Information shown
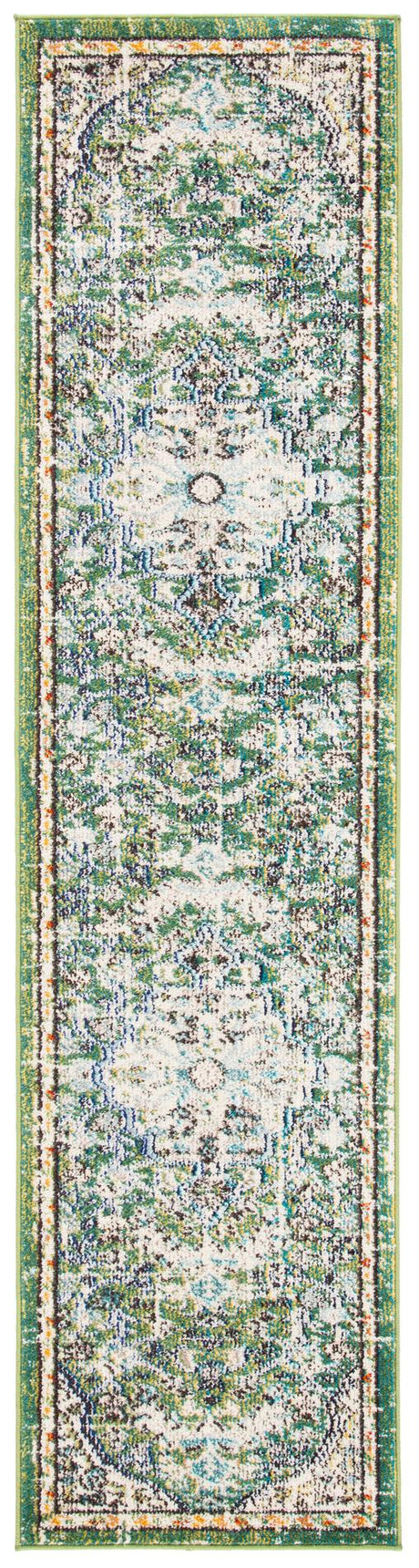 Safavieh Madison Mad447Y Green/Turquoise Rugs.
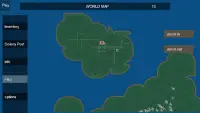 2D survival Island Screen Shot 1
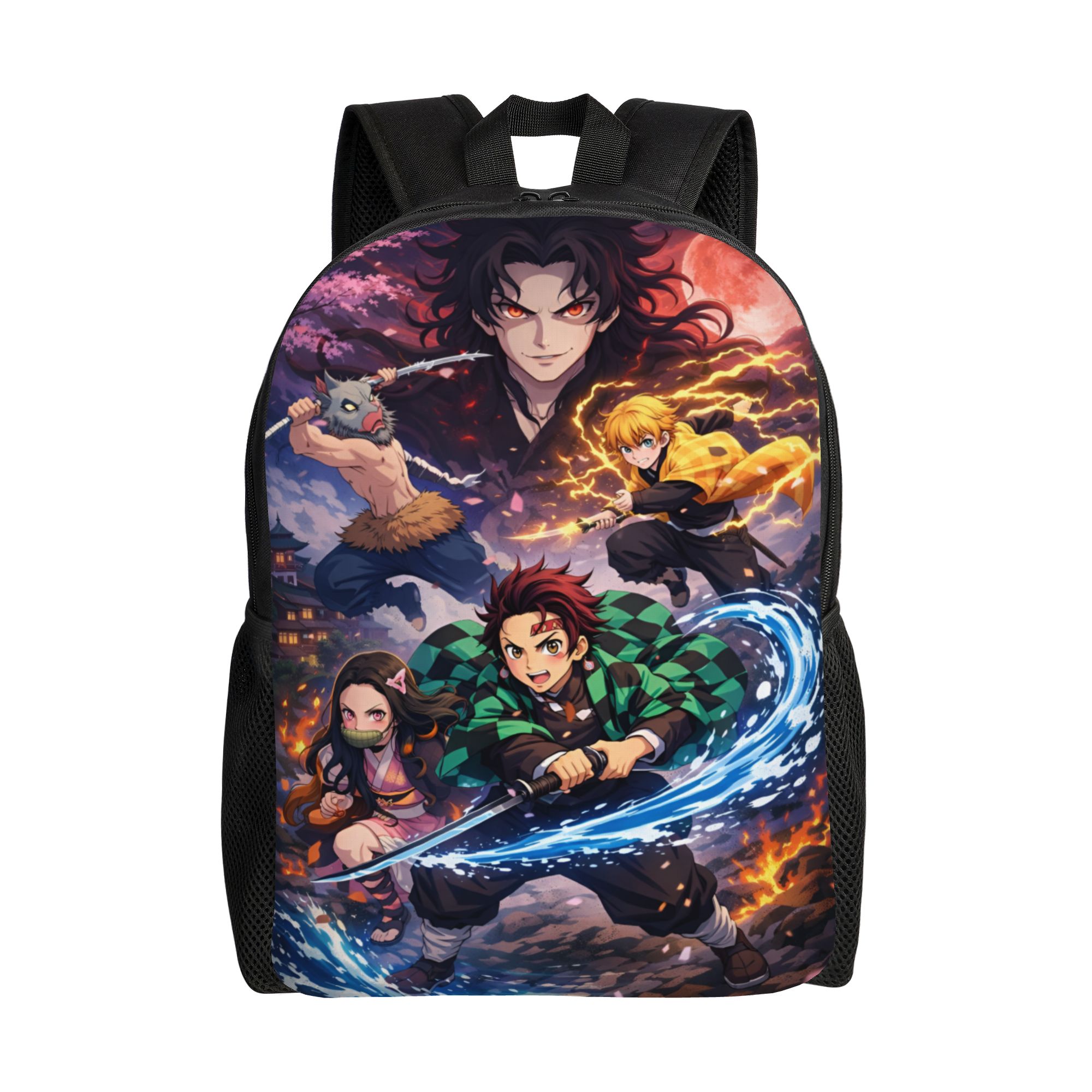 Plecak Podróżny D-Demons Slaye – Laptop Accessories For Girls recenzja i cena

Exercise details
Before copying the material, set its pictures aside; then transcribe it word for word.

Your solution
 Safavieh Madison Mad447Y Green/Turquoise Rugs.
 2D survival Island Screen Shot 1
 Plecak Podróżny D-Demons Slaye – Laptop Accessories For Girls recenzja i cena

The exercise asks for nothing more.